Last week, Prossin and his team were among 220 people awarded the one-time Erebus Medal by the Royal Canadian Geographical Society.
"Imagine the holy grail of your career, in 25 years, you get to take part of it. I've got to say I was just kind of electrified when I got up on the stage to receive that medal."
Two ships, HMS Erebus and HMS Terror, were part of Sir John Franklin's doomed expedition in 1845 to find the Northwest Passage from the Atlantic Ocean to Asia.
The ships disappeared after they became locked in ice in 1846 and were missing for more than a century and a half until last year's discovery of HMS Erebus by a group of public-private searchers led by Parks Canada.

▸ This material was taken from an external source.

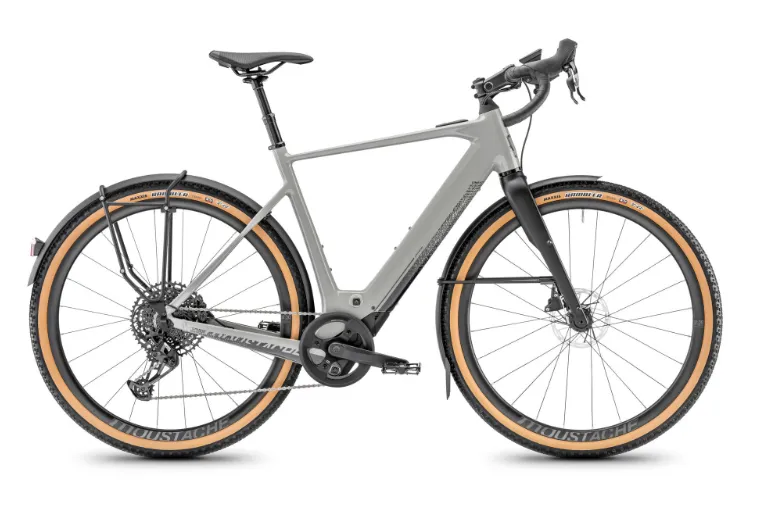 Moustache Dimanche 29 gravel 4 2025 — vélo électrique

Prossin and his team played an important supporting role in the expedition, crewing their ship One Ocean Voyager to pull containers full of survey equipment to the Arctic Ocean.
He vividly remembers the moment the ship was discovered.

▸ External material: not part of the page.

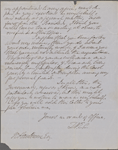 C[hanning], W[illiam] E[llery], ALS, to NH. Mar. 29, 1853.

"It was an electrifying moment, " said Prossin.
"We were near packing up and ready to return and finishing up our work — we were surveying in what was called the northern search area about 20 miles away.
"The electricity travelled about 20 miles all the way across the ice-covered water to our ship."
Prossin has a long history leading tours to the Arctic and Antartic, but said it was the highlight of his career to be part of the search team.
"I like to say we got the assist on the Stanley Cup winning goal," he said.